▸ **REQUIREMENT**: For this exercise, repeat exactly the lines below starting at the line holding "Vintage European Rose" and ending at the line holding "TOPSPIRE - Front", both included, with no extra lines and no pictures.

▸ **DATA IN THIS EXERCISE**:
○ ○ ○ ○ ○ ○ ○

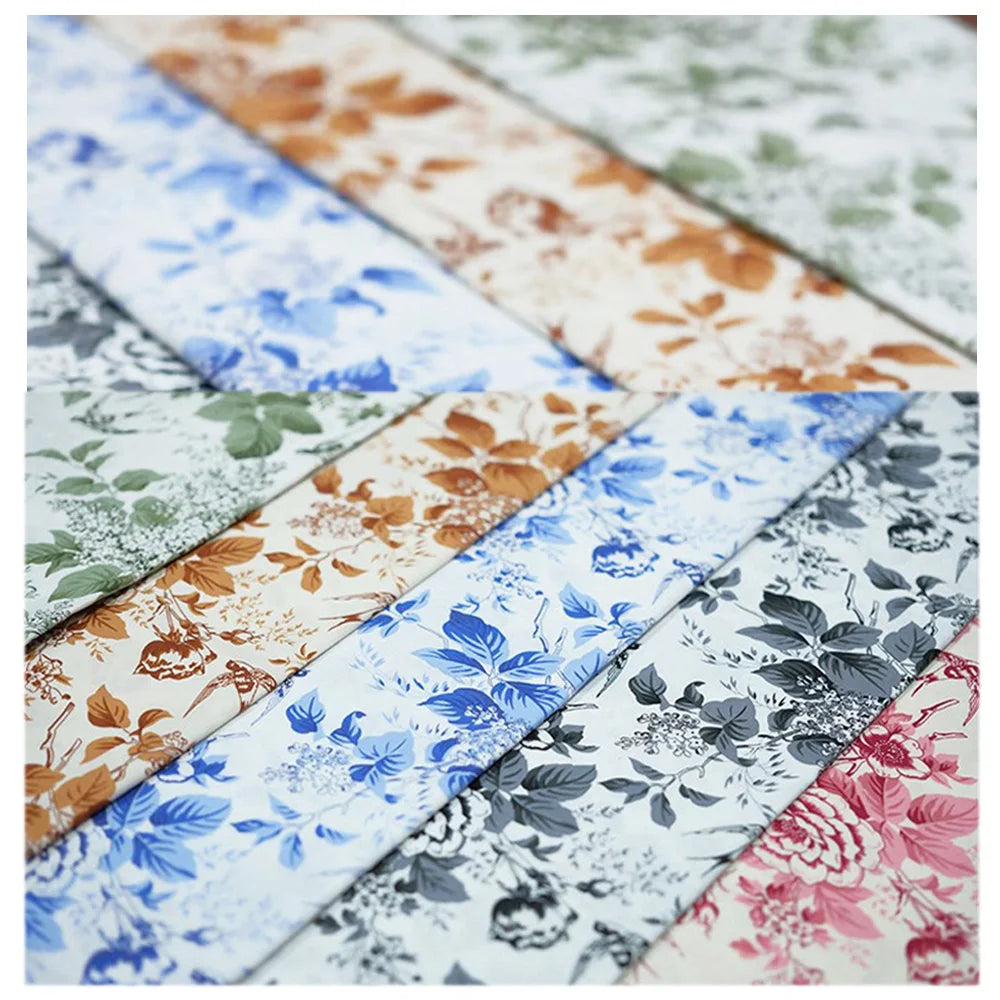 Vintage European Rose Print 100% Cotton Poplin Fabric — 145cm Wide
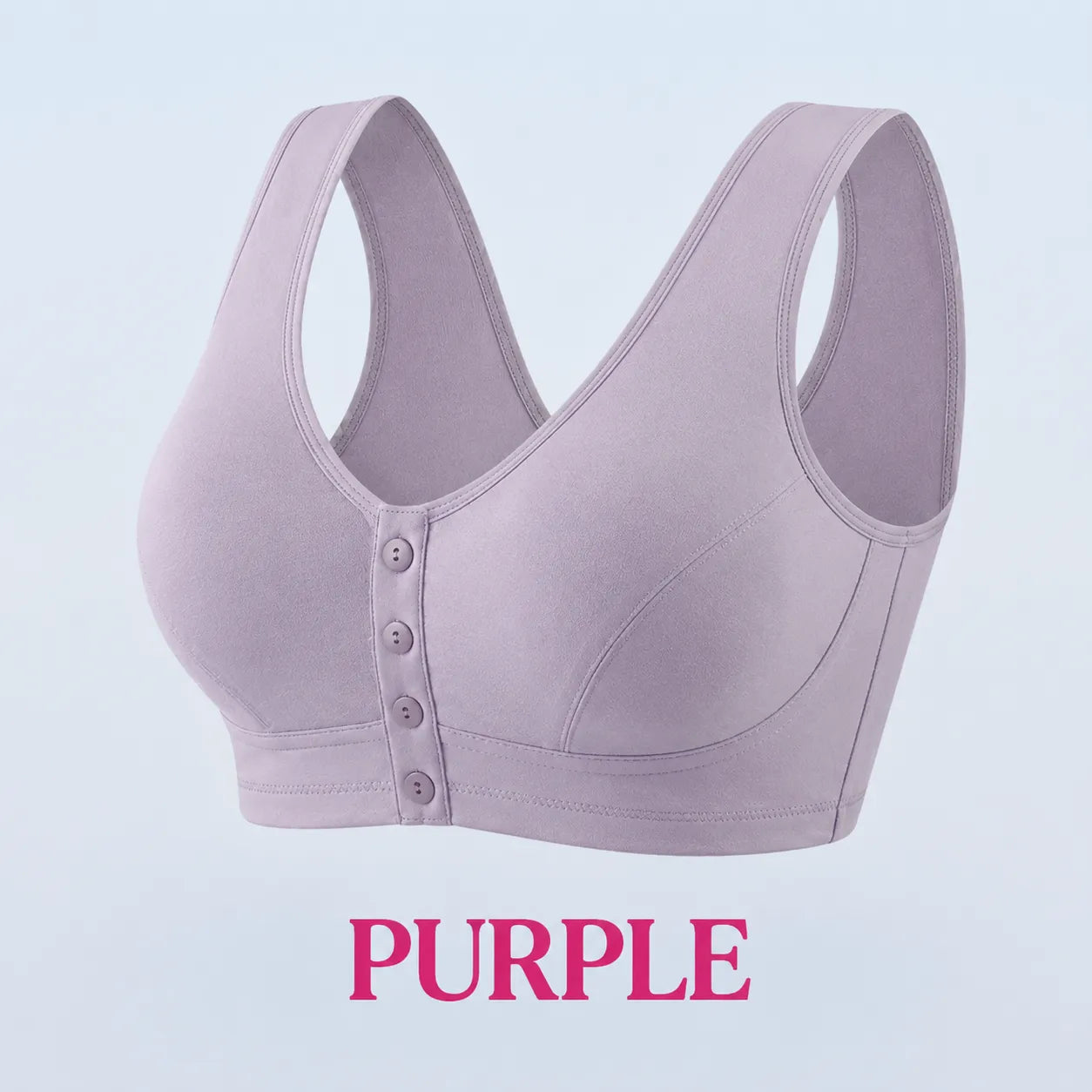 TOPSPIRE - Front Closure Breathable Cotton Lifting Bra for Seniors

○ ○ ○ ○ ○ ○ ○

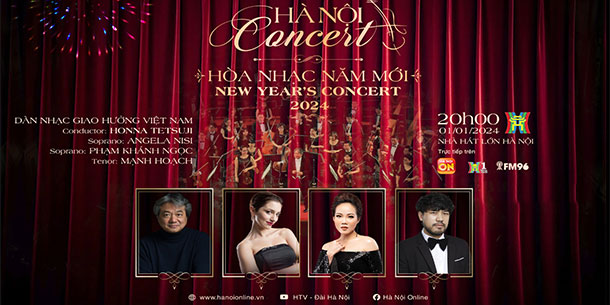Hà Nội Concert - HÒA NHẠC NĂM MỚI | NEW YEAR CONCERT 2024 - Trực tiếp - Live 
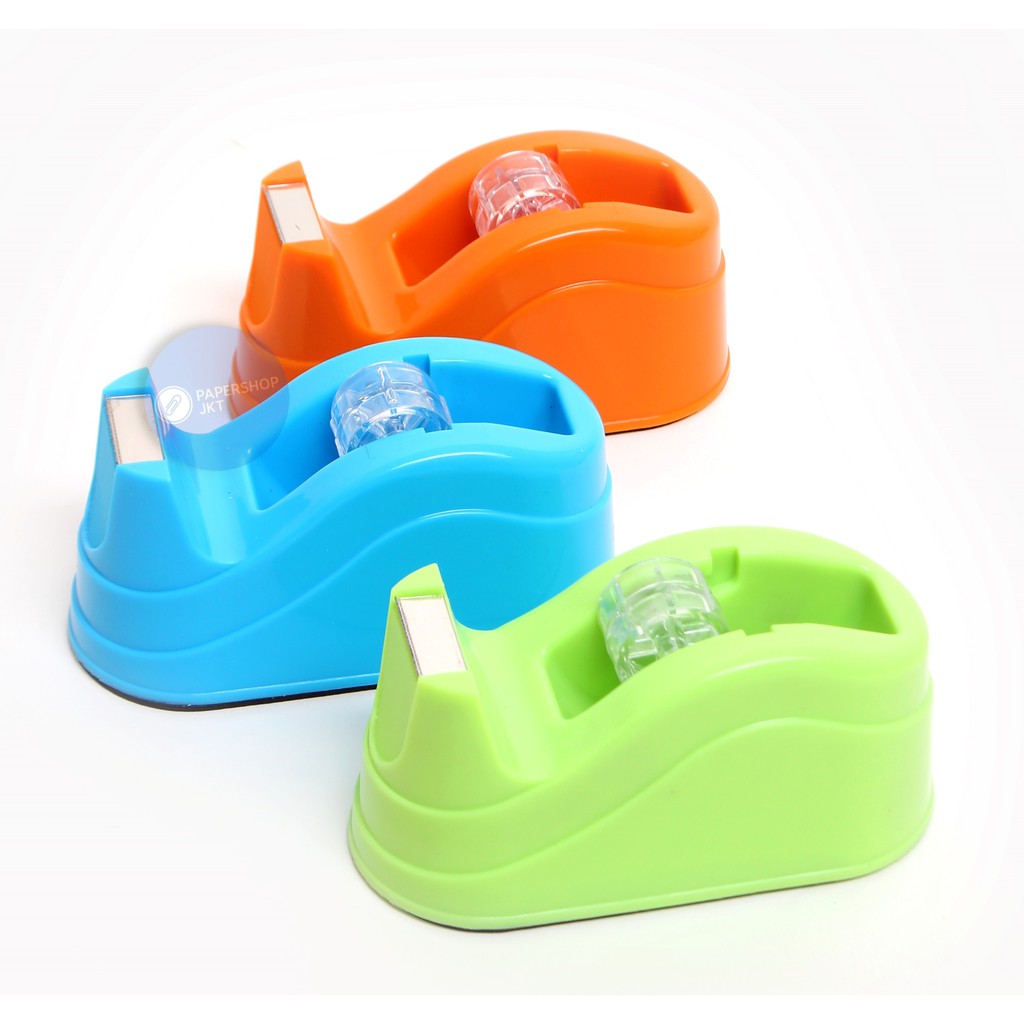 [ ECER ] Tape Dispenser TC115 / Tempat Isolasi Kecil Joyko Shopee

○ ○ ○ ○ ○ ○ ○

▸ **SOLUTION FOR THIS EXERCISE**:
 Vintage European Rose Print 100% Cotton Poplin Fabric — 145cm Wide
 TOPSPIRE - Front Closure Breathable Cotton Lifting Bra for Seniors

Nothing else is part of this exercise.